Brief descriptive captions
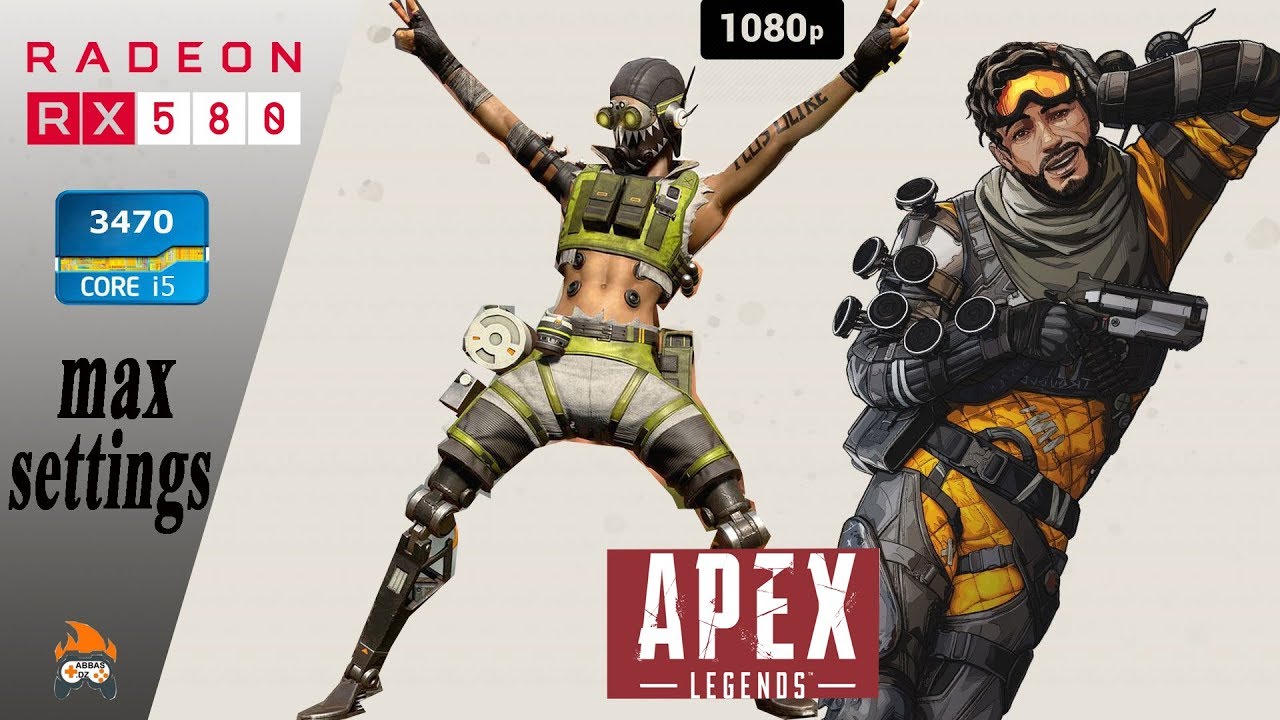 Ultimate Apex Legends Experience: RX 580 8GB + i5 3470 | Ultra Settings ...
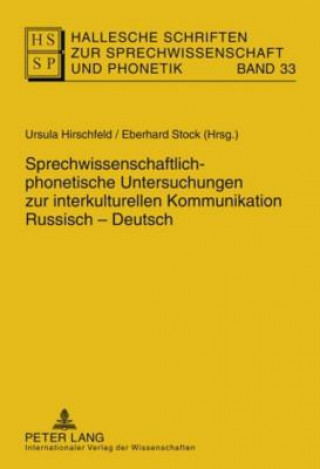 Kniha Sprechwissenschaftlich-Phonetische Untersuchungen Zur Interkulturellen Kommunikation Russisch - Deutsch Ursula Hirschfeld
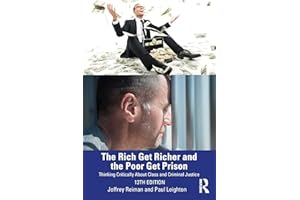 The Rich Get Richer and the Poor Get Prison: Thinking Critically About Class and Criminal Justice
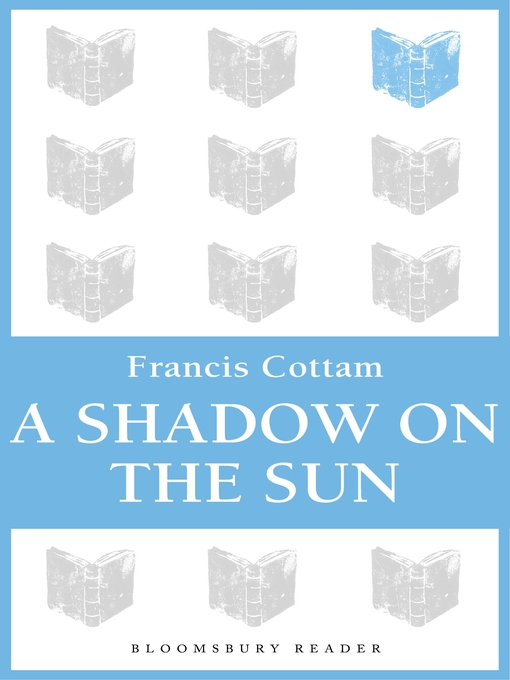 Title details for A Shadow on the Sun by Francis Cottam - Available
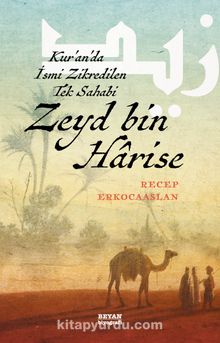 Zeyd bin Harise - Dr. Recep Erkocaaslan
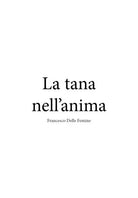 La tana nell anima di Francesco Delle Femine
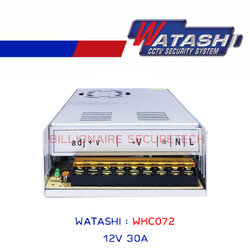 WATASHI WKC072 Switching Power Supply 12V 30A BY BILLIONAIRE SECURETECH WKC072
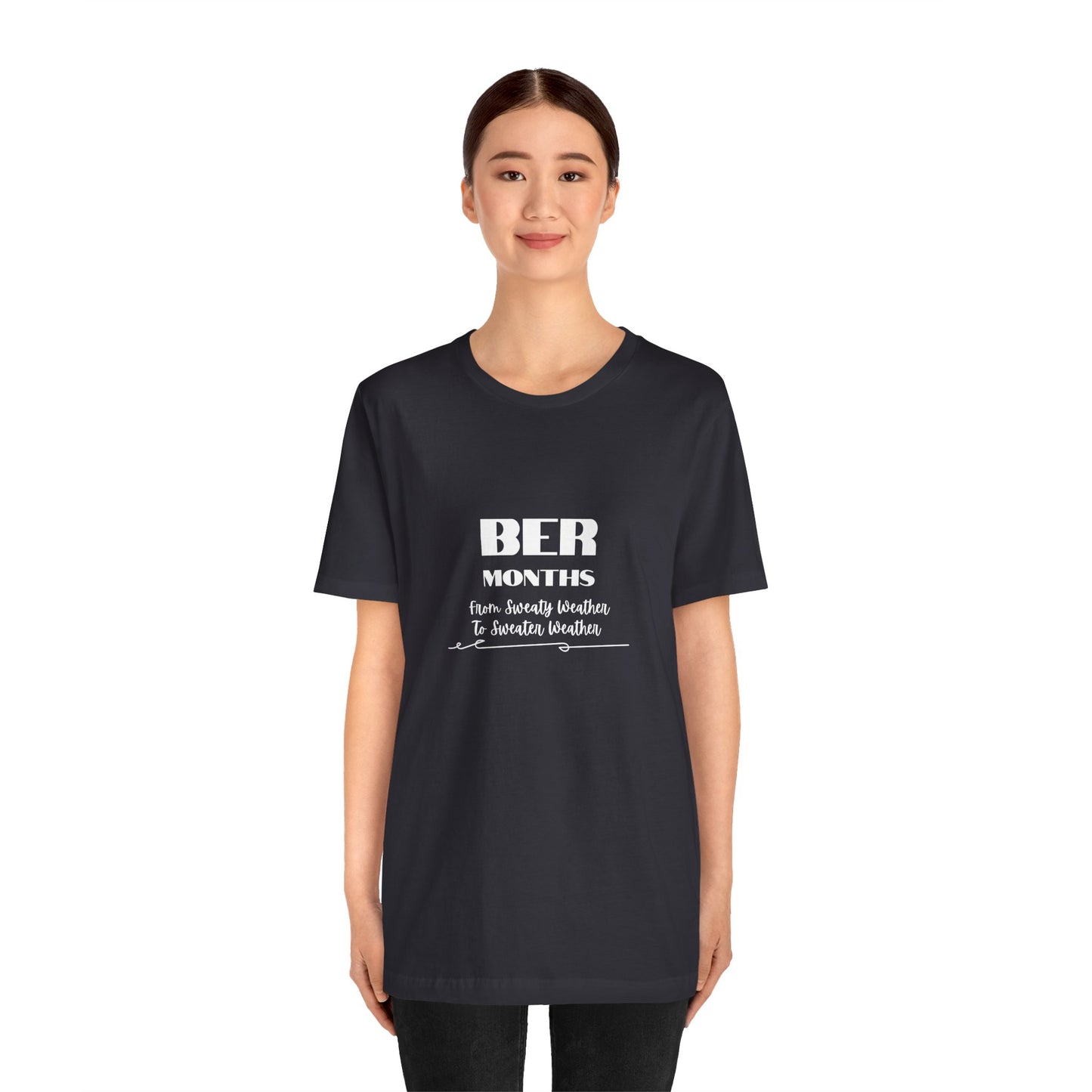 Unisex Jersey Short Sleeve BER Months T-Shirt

__Task directions__. Restate the data above word for word, so that the only difference is the missing pictures.

__Answer space__.
 Ultimate Apex Legends Experience: RX 580 8GB + i5 3470 | Ultra Settings ...
 Kniha Sprechwissenschaftlich-Phonetische Untersuchungen Zur Interkulturellen Kommunikation Russisch - Deutsch Ursula Hirschfeld
 The Rich Get Richer and the Poor Get Prison: Thinking Critically About Class and Criminal Justice
 Title details for A Shadow on the Sun by Francis Cottam - Available
 Zeyd bin Harise - Dr. Recep Erkocaaslan
 La tana nell anima di Francesco Delle Femine
 WATASHI WKC072 Switching Power Supply 12V 30A BY BILLIONAIRE SECURETECH WKC072
 Unisex Jersey Short Sleeve BER Months T-Shirt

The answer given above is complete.